Financial 2 - So, I morphed this into, let's rent a condo and make sure we even like condos. And I spent time looking at condos this month and I'm realizing that to rent a condo like the one I'd like to buy is a minimum of $1700+utilities. and right now I am spending $615 including utilities basically. and it's a big swallow. and I'm having doubts and second thoughts. I can spend way less than $1200/mo to make my current situation tolerable and be equally happy. So. I don't know what to do with this yet.
Financial 3 - Oh I am really proud of myself! I started a self improvement book club. Last month we read A Man's Search for Meaning and this month we are reading The Go Giver. I am really glad that I am taking a step doing more activities that create flow and meaning for me even if they aren't paid, I actually don't care that they aren't paid I just want practice doing this sort of thing. BTW A man's search for meaning is an incredible book, it really changed me, and I recommend it to everyone here. I am going to work on infusing more meaning into my job and approaching the way I view life with the lens of "meaning" rather than success, or happiness.

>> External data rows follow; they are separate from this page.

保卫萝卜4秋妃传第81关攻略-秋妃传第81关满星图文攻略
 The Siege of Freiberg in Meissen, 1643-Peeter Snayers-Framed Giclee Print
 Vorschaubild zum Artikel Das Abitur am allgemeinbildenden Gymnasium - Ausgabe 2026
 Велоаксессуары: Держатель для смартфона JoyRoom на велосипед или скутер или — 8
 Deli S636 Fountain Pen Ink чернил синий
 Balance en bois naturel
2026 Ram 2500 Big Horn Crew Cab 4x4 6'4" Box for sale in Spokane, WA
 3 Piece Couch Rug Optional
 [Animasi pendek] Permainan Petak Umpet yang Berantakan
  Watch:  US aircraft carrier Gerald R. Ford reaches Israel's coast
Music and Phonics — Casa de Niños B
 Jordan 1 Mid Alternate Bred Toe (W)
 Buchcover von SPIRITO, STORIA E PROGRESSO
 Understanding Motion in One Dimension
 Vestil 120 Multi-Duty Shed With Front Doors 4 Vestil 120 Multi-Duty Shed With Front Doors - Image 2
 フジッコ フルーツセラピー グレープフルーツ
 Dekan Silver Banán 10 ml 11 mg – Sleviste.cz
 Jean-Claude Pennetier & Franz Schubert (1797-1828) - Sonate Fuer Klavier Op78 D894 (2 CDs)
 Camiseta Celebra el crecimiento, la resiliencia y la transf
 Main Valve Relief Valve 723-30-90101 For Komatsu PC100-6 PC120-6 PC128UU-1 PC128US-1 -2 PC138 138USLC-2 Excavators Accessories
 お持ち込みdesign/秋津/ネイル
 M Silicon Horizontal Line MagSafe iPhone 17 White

Financial 4 - Mint says I spent about $2800. I spent about $250 on gifts, $110 on a passport renewal, and $300 for $400 of Botox credit. You know, I am okay with all that. I would rather feel like I can buy someone a gift because they will appreciate it and because I want to, than feel like I can't afford to do it. And I find myself frowning enough to get that line in between my eyebrows, and if I don't take care of it, I will have permanent angry face. Well fuck that. If it costs me $600/yr to not have permanent angry face, that is the way it is. Well, $500 now since I did the thing. I think I am still in observation mode on this. Seeing where my spending naturally falls right now without any restraint, since I've proven to myself I can get to $1150 when I am really motivated, I sort of know that's a lower boundary for me.
Financial 5 - doing it! I think one thing I didn't realize when I started work, is that really what I was doing was picking up a second job, because I never really got around to fully quitting my first job. So I am doing this job, but still working on the side way more than I anticipated. So that is really nice, it speeds things up.
NonFinancial 1 - doing it, I really cracked down mid-Nov thru Jan 3 on my eating, ate really cleanly. I didn't quite make it yet but I made a lot of progress. I am trying to transition away from being so harsh and strict and find a more sustainable way of eating so I am focusing a lot on tracking my food. will write more below about this.
NonFinancial 2 - doing it! yay! see below.
Okay so basically I found this journal online called the Best Self Journal and it is a $31 journal that is supposed to last you 13 weeks. Well I think that is a little nuts and it turns out they have a PDF of the journal online. So I have read it and tweaked it and made it work for me. and this journal is such a great habit for me! I feel much more focused and productive with it.
The way it works is: you come up with 3 goals. Then you come up with 3 progress goals per goal, and break those down into tasks. Then you journal daily, weekly, monthly, with those goals. Yeah, nothing earth shattering, and shit everyone here has heard before. But I am really appreciating the structure greatly and I've been doing it!
So I've decided my three main goals over the next 3 months are:
1) Meditate every day (I call it MRC - Meditate, (self)Reiki, Connect (with self))
2) Eat Mindfully
3) Journal every day
And this is the worksheet I created to fill out for myself every day to plan my day:
https://docs.google.com/document/d/1OwH ... sp=sharing
And it's working and I'm doing it! I feel so much more productive, I am making better use of my time, I am being more mindful of my time and my goals, and I am feeling more on track with things. It is helping me greatly.
One last note about time before I sign off. I was feeling severely time crunched this month. The newness of the job wore off and I was starting to get that 'grind' feeling and I was starting to severely regret my decision to go back to work. And then I had this weird 'fight/non-fight' with my boyfriend this week and all of a sudden I found myself with a lot of time in the evenings. And I actually found myself feeling rejuvenated and I actually am starting to feel like I can go back to work on Monday and accomplish some good stuff. and that was so eye opening! it wasn't necessarily all work's fault that work is a grind. I need to be really much better about how I spend my free time. If I spend my free time well, then work doesn't feel like a grind. And maybe this relationship isn't good for me. Truthfully it has been a large drain of time and energy, I thought it was worth it, but maybe it wasn't. And you know what else? When I was pursuing ERE hard in 2012, my relationship sucked then too! And I thought I was so unhappy because of my job. Well, I was, and that job sucked, but I guess the lesson is, I have to have a certain amount of mental resources to be happy at work, and if I am having an impossible time coping at work, it means something is off in my non-work life.
I am encountering typical normal challenges in that which is life but overall I feel like I'm doing well and making good progress.